WORK TASK
Print the listing exactly as it stands, and skip any pictures in it.

DATASET EXCERPT
Content starts
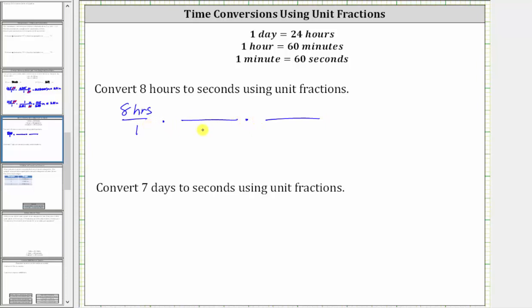Let's first convert hours to minutes. Because we have hours in the numerator and we want hours to simplify out, for the first unit fraction, hours must be in the denominator, which means we have minutes in the numerator. Since one hour equals 60 minutes, the first unit fraction is 60 minutes over one hour. Notice how hours divided by hours simplify out, and now we have minutes.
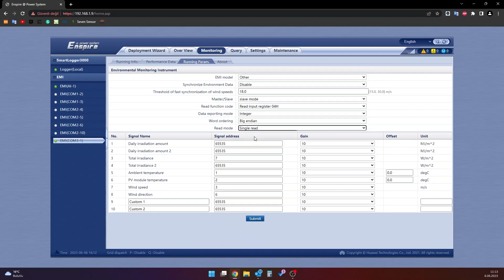At the bottom of the page, there is the sensor configuration section. In order for the sensors to be displayed on the monitoring screen, the signal address section must be completed in accordance with the sensor registration addresses. For sensors that are not connected or that you do not wish to be displayed on the monitoring screen, the code 65535 must be entered instead of the registration address. The spaces indicated as custom at the bottom are used to define another sensor which is not on the screen. The register addresses of the sensors that are connected and whose data we want to check are entered as follows.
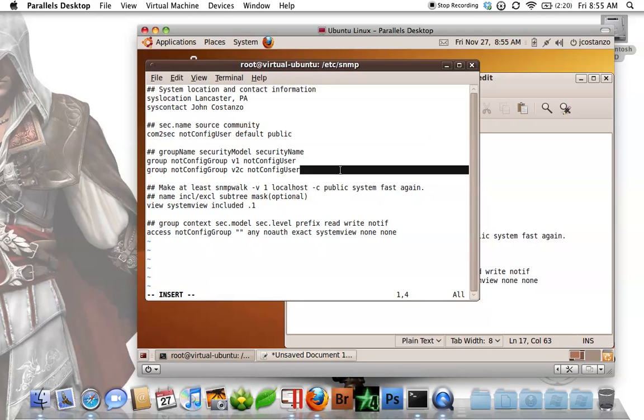So that right there is the basic file. In a future tutorial I can explain the rest, but let's go ahead and save that file.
Content ends
RESPONSE TO THE EXERCISE
Let's first convert hours to minutes. Because we have hours in the numerator and we want hours to simplify out, for the first unit fraction, hours must be in the denominator, which means we have minutes in the numerator. Since one hour equals 60 minutes, the first unit fraction is 60 minutes over one hour. Notice how hours divided by hours simplify out, and now we have minutes.
At the bottom of the page, there is the sensor configuration section. In order for the sensors to be displayed on the monitoring screen, the signal address section must be completed in accordance with the sensor registration addresses. For sensors that are not connected or that you do not wish to be displayed on the monitoring screen, the code 65535 must be entered instead of the registration address. The spaces indicated as custom at the bottom are used to define another sensor which is not on the screen. The register addresses of the sensors that are connected and whose data we want to check are entered as follows.
So that right there is the basic file. In a future tutorial I can explain the rest, but let's go ahead and save that file.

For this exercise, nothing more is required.